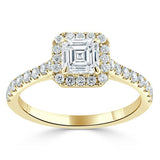 1.45ct Asscher Cut Moissanite Engagement Ring, Classic Halo, Available in White Gold, Platinum, Rose Gold or Yellow Gold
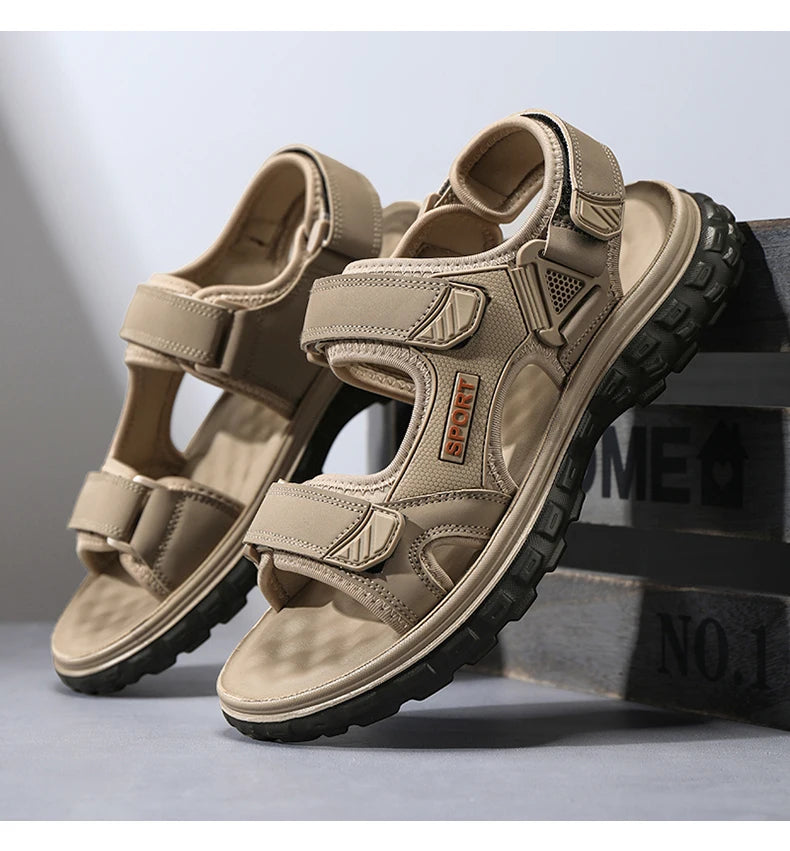 Men's Breathable Gladiator Sandals with Anti-Slip PVC Outsole and PU Upper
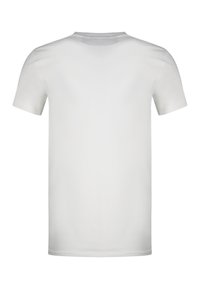 Hvid kortærmet T-shirt vist bagfra med en rund halsudskæring på en hvid baggrund.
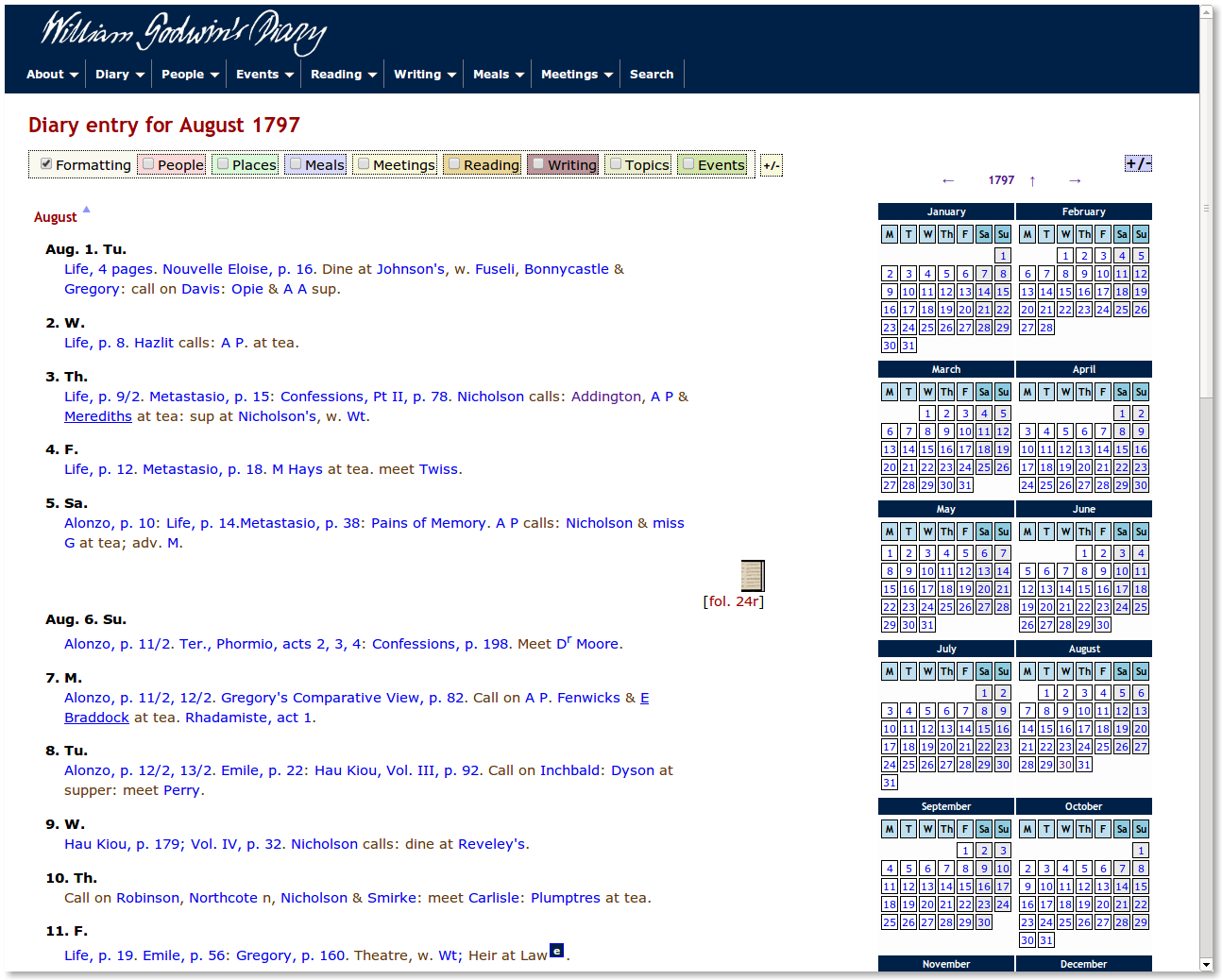Screenshot of the  project website. The page includes diary entries for
							the month of August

* * *

Would you please write out exactly the lines between the line containing "Screenshot of the" and the last line of the listing above, inclusive, without pictures?

• [Response]:
Screenshot of the  project website. The page includes diary entries for
							the month of August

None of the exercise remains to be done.